Refinery29 has partnered with Allison Rapson and Kassidy Brown, founders of the media company We Are the XX, for a documentary series exploring the lives of women around the world. "A Woman's Place" features the empowering stories of female activists working for real change in their communities. This story draws on interviews conducted by Rapson and Brown.
Although Sweden routinely ranks
among the world's most progressive countries when it comes to gender equality, female activists there say there are ways in which the Nordic nation falls short on supporting women.
"Sweden has this picture of being a great gender-equality land, and we’re not," activist Anna Falgen Enqvist said. "There is so much more to be done."
One area in need of serious improvement is the country's sexual-consent laws, activists say. Unlike in the United States, where the FBI now defines rape as penetration without consent
, laws in Sweden define the crime as sex that is forced.
"The law is saying that its okay to have sex, even when someone is telling you no," Enqvist said. "Because the law is not built upon consent."
Enqvist is part of Fatta, a campaign to call attention to that issue. The campaign has brought together activists, such as Enqvist, and members of Femtastic, a feminist collective that uses music and art to fight for issues that impact women in Sweden.

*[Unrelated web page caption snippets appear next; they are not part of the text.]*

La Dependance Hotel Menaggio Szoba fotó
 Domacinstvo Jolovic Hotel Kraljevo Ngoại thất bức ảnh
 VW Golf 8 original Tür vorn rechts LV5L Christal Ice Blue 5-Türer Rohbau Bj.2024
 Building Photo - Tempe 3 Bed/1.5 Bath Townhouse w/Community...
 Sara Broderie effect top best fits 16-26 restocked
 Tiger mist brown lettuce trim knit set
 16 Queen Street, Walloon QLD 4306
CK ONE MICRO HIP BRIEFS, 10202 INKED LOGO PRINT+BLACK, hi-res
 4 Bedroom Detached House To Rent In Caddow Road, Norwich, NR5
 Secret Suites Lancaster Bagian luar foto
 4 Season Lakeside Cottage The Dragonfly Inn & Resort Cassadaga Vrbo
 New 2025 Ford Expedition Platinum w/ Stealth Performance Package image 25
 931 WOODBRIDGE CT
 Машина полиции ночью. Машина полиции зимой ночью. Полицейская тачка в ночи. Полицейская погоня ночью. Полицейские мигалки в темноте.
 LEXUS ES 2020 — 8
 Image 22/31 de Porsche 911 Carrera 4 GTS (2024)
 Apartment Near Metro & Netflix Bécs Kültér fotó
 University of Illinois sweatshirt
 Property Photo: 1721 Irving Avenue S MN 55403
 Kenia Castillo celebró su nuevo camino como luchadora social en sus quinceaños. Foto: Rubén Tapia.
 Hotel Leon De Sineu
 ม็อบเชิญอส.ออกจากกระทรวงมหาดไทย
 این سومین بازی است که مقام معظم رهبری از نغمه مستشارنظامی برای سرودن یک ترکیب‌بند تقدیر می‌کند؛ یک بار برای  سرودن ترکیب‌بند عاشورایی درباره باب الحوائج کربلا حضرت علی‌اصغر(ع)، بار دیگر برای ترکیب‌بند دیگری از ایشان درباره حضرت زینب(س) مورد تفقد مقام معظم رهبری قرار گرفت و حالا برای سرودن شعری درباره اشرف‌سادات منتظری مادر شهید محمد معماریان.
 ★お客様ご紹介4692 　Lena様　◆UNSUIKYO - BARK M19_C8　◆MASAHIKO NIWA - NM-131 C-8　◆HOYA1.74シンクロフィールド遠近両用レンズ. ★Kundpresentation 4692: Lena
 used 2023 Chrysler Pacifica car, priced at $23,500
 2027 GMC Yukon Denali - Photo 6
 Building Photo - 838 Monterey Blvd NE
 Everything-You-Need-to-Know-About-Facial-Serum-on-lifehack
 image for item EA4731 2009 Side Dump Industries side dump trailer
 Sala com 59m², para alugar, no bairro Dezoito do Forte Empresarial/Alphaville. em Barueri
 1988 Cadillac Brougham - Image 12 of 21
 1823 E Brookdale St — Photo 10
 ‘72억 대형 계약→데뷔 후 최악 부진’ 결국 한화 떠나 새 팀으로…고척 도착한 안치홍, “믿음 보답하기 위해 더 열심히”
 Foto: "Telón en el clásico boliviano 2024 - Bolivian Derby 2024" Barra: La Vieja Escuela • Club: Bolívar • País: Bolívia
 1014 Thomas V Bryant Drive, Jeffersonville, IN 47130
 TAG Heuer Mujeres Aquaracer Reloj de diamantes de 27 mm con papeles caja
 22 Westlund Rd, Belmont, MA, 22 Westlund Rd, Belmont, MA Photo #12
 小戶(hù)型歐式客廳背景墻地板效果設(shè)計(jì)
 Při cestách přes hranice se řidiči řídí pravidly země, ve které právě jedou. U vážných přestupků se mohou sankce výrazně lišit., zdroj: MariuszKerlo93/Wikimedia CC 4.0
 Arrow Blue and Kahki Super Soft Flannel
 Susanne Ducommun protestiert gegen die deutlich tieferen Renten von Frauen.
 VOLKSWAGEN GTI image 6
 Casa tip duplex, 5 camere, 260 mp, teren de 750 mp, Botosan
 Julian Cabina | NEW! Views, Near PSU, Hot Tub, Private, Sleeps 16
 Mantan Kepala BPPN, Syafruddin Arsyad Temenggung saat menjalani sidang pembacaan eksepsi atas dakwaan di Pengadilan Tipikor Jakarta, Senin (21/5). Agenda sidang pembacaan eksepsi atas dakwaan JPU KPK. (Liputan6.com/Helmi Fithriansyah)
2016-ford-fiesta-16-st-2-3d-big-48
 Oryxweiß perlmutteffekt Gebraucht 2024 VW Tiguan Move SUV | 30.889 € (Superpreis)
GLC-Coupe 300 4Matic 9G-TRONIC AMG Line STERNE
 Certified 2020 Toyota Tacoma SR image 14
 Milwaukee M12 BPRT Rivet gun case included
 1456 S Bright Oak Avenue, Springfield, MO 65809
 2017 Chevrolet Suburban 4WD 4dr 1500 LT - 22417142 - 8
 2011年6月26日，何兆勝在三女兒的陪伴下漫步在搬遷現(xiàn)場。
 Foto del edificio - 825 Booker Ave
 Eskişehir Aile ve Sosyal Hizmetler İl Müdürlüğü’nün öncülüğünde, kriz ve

As part of that work, the group released "Fatta,"
a song aimed at raising awareness about sexual violence and the need to change the consent laws. The song features real stories of sexual violence.
In addition to changing the consent laws, Femtastic is calling for better treatment when it comes to pay and work opportunities. One of the reasons the group was founded years ago was to help women find jobs as DJs.
"We want to change the male-dominated structures of the music industry in Sweden, and in the world, of course," Vanessa Marko, one of the group's co-founders, said.